Beethoven – Violin Concerto in D Major, Opus 61

by Max Derrickson

Ludwig van Beethoven (1770-1827)

Violin Concerto in D Major, Opus 61
1. Allegro, ma non troppo
2. Larghetto
3. Rondo

The life of Ludwig van Beethoven has been studied intensively.  We know that it was chaotic, with hardship, struggle, and illness.  A whole volume has been devoted to his illnesses.  It is well known that he went completely deaf in the middle of his life.  (His hearing loss was quite advanced when he wrote the Violin Concerto in 1806.)  But the torture that this caused him can never be overestimated.  Nevertheless, his Violin Concerto bespeaks a composer who was compassionate, witty, deeply humane, and understanding of whispered joys.

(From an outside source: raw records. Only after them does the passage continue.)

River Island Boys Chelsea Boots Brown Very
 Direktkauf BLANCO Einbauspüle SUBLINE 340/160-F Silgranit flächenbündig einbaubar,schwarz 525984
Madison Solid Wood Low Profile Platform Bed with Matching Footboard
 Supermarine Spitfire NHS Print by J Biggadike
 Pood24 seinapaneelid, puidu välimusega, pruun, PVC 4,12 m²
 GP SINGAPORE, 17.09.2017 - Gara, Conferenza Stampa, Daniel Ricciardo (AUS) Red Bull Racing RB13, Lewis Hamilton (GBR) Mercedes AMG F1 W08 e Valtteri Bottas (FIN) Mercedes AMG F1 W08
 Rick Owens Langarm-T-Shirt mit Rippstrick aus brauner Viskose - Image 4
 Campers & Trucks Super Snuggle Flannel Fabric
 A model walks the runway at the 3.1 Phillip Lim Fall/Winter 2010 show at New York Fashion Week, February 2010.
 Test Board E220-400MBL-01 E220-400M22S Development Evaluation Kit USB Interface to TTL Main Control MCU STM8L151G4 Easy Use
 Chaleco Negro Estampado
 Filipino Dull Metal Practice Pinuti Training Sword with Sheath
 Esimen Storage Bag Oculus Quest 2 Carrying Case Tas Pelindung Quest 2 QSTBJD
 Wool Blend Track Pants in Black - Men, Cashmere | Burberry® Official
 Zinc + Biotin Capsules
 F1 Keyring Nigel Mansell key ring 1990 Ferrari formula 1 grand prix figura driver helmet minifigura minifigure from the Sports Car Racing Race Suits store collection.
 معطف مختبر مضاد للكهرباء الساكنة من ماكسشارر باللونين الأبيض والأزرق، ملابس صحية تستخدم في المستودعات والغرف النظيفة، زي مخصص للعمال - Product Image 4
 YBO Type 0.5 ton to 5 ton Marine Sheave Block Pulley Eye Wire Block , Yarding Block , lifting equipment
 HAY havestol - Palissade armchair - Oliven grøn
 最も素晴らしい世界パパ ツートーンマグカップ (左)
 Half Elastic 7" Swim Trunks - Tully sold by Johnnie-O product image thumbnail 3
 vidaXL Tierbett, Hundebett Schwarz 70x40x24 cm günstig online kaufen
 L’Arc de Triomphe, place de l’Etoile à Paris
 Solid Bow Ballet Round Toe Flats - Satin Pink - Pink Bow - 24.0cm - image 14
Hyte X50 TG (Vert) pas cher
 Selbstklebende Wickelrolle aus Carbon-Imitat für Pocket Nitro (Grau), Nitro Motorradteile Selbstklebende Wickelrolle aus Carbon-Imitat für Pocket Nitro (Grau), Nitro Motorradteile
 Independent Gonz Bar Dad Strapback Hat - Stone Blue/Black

The Concerto is one of the lengthiest written by any composer.  Yet, remarkably, it is also one of the quietest, crafted within a scope of serenity.  Often, when the music reaches a dramatic moment, its arrival is one of pastoral amplitude.

“One might be inclined to say off-hand that the most mysterious stroke of genius in the whole [of this] work is the famous opening with five strokes of the drum which introduces the peculiarly radiant first subject on the wood-wind….”  So said the esteemed musicologist Donald Tovey.